Installation Development : Final Major Project

MA in Photography, Falmouth University, Module 5

IMG_2004 2

Figure 1

This has been a week of extraordinary fluctuations with the untimely death of my mentor, friend and collaborator, to my third largely unsuccessful attempt to create image transfer, but to a degree, countered by the final delivery of my finely specified concrete tablets.

Learning by Failing

So, to my trials with image transfer.  At the turn of the year, I had been driven by the wish to seek out a more appropriate, long-lasting and authentic method by fusing an image onto concrete, thus advancing my early trials using paper prints.

The technique is applying an inkjet print onto acetate made by InkAID – known as a transfer film.  Then a very precise mix of InkAID fluid and 91% alcohol is be applied to the chosen substrate.  The film is then laid onto the substrate and left for 3 minutes before peeling back, in theory, leaving the image embedded onto the dried fluid and thus onto the substrate.

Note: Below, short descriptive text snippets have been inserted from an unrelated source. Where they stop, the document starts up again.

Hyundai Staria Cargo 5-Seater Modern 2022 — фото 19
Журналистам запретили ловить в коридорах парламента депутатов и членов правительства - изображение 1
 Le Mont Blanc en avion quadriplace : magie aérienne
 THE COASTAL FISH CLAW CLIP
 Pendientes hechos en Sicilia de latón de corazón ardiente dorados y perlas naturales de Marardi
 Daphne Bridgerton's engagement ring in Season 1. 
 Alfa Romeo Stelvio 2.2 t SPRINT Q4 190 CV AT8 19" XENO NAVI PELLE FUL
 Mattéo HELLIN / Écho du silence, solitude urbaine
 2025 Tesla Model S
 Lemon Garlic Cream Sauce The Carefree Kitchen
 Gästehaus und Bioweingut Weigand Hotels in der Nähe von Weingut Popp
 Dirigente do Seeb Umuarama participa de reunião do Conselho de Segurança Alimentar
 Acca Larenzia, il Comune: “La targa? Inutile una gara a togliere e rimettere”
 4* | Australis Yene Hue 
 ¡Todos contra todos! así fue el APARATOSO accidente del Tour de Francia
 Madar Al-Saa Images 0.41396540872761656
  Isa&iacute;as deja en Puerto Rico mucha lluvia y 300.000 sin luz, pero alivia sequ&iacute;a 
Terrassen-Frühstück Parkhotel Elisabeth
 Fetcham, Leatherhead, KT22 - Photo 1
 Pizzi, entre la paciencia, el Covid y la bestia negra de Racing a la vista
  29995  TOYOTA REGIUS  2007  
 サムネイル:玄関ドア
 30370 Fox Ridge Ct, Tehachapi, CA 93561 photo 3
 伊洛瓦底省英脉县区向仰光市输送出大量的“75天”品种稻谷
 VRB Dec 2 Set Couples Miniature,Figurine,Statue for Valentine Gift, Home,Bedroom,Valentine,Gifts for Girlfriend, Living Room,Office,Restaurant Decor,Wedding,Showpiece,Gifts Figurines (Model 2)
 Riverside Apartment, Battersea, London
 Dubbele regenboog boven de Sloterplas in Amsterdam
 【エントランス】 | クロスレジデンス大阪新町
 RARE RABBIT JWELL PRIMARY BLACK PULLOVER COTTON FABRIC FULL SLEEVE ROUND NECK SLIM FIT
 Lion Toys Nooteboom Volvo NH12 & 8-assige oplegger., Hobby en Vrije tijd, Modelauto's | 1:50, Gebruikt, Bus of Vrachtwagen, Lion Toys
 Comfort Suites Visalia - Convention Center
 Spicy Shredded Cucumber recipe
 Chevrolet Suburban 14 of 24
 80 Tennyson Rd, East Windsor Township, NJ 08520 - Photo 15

I undertook 3 trial sessions in my kitchen at home.  I have, during these trials, identified what are perhaps too many variables, that require managing and recording in order to create the optimum conditions for success.  These variables are;

The age of the fluid once mixed

Air mixing with the above fluid

The air temperature at the time of application

The absorption rate of the substrate (thus the use of a PVA sealer); all tests were done on MDF sheets (as a precursor to the concrete tablets).

The dryness of the fluid at the time of applying the film to the surface

The amount of pressure applied to the film surface before release

The process of film release.

Despite managing the variables as best one can, by making notes and controlling the process, the results were recorded thus;

IMG_1984 2

Figure 2 Images printed and board prepared


Figure 3 The boards had been previously coated with a fine layer of PVA to seal the surface and thus manage absorption.


Figure 4 this Inkaid/alcohol mix is applied to the surface (in this instance it was an older mix and had created a rippling effect).
Figures 5, 6 The first acetate is peeled back carefully with a very low level of adhesion of image to the substrate.


Figure 7 The second acetate is here rolled out onto the tacky but almost dry fluid.



Figure 8 As the acetate is peeled back around half of the image has adhered to the substrate but leaving large areas with no bonding at all.  See also, figure 1.


This is the third recorded image transfer trial using Inkaid products.  It is unsatisfactory and whilst slight improvements are achieved at times, it is not succeeding to the extent of UK experts I have consulted, and the information online, suggests ought to be possible.

It is nevertheless a useful exercise in understanding materials, managing relatively complex processes and holding onto the belief that one’s imagined outcomes can be achieved.

I am thus putting the equipment to one side and taking advice on alternative methods.  There will be more to follow.

Collins & Baltz

Practice Development : Final Major Project

MA in Photography, Falmouth University, Module 5

I decided to research two artists, triggered by brief summaries in Cotton’s book, from her chapters, Once Upon a Time and Deadpan.  She cites Hannah Collins and Lewis Baltz respectively.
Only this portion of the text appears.